Нога

Нога
                Ничему, не учащая запись.

     В четверть десятого я открыл дверь своей квартиры. Вдыхая приятный, персональный домашний аромат – не разделимый, исключительно родной, я разулся и прошел в гостиную.
   
    Отточенное годами искусство комплексного быта в условиях однокомнатной квартиры – рукой включаешь чайник, правой ногой дотягиваешься до кнопки включения компьютера, разворачиваясь к холодильнику, виртуозно снимаешь футболку. Доставая из холодильника бутылку пива даже не замечаешь, как левая нога раздраженно кидает снятые джинсы в область, заочно назначенную твоей гардеробной. В недолгом перелёте моей задницы, из пункта «а» в пункт «б», носки телепортируются в угол комнаты, предназначенный для «не совсем свежих», там перемешиваются со своими синтетическими родственниками, что бы с утра представить мне невероятные комбинации цветов на ногах.
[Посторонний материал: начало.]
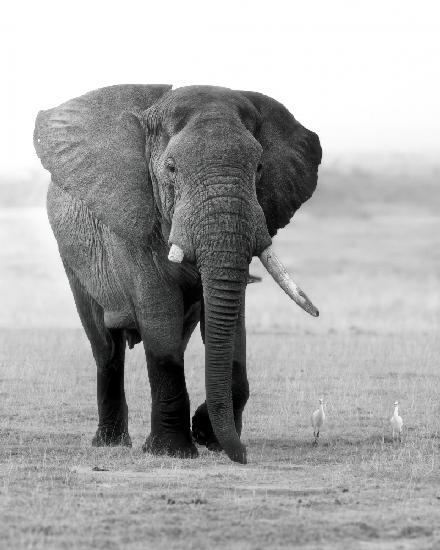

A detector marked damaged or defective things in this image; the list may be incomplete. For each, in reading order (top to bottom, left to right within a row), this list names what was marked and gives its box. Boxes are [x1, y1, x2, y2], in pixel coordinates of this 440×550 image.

broken tusk [167, 245, 184, 264]
broken tusk [260, 247, 318, 320]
Расположившись в кресле, дотягиваешься до виртуальных списков новостных лент, под завязку набитых сиськами, вагинами, котятами, качками, откровениями замониторных, комплексующих социопатов. Пара минут возмущений, посвященных тому, что у всех нормальных телок окружение составляет одна пидорасня. Вот как, сука, так?! К середине бутылки подумываешь, о том, не написать ли вот этой бабе с модными партками,  затем видишь новую серию какого – то сериала и отвлекаешься. Примерно через полтора часа я полностью, с головой погрузился в раствор домашнего быта.
    
    Звонок прозвучал коротко, один раз, я подумал, что показалось. Прислушался к звукам за дверью. Поняв, что до меня не доходит звонок брякнул настойчивей. Я вскочил с кресла немного встревоженный поздним визитом.  За дверями темно, я угадываю несколько силуэтов, отступаю назад, что бы дать пройти гостям.
   
    Я сел на кресле. Покой и чувство безопасности обволакивают меня как теплое одеяло, сотканное из горячей воды.
   
    Напротив меня стоят четверо – три девушки альбиноса в платьях, сшитых на фарфоровых кукол. Их кожа как чистый, нетронутый грязными ногами цивилизации арктический снег, огромные добрые глаза, розоватые волосы. Их колени расцарапаны – разочаровывающее напоминание человечности. Идентичные струйки крови протекают из вздернутых носиков, пересекая матовые, пухлые губы, слегка приоткрытые. Кровь стекает по подбородку, жирными каплями падает на игрушечные платья. Они стоят неподвижно, странно изломанные, смотрят в пустоту.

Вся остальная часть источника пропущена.